Şafiilerin istihsânın aleyhinde öne sürdükleri deliller, doğru bulunursa, bu onların
benimsediği kıyası da geçersiz kılar (M. Ebu Zehra, Usulü'l-Fıkh, s. 270 vd.)
el-Kevserî'nin, Ebu Bekir
er-Râzi'den (ö. 370/980) nakline göre, istihsan iki alanda cereyan eder. a)

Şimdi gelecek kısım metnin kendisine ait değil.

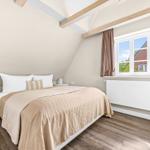 Bedroom with sloped ceiling, window, bed, and wooden floor.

İctihad ve re'yimize bırakılmış miktarların miktar ve tespitinde re'yimizi
kullanmak. Mehir, nafaka, tazminat bedeli, yasak ava karşılık kesilecek
hayvanın takdirlerinde olduğu gibi. b) Daha kuvvetli bir delilden dolayı kıyası
terketmek. es-Serahsî (ö. 490/ 1097) bunu şöyle açıklar: "Gerçekte
istihsan iki kıyastan ibaret olup, birisi açık (celî) ve etkisi zayıftır. Buna
"kıyas" adı verilir. Ötekisi kapalı (hafî) ve etkisi kuvvetlidir.
Buna da "İstihsân" adı verilir, yani "kıyas-ı müstahsen"
denilir. Bunlarda tercih, tesire göre olup, açıklık ve kapalılık sebebiyle
değildir" (es-Serahsî, el-Mebsut, X, 145; el-Kevserî a.g.e., I, 24-27).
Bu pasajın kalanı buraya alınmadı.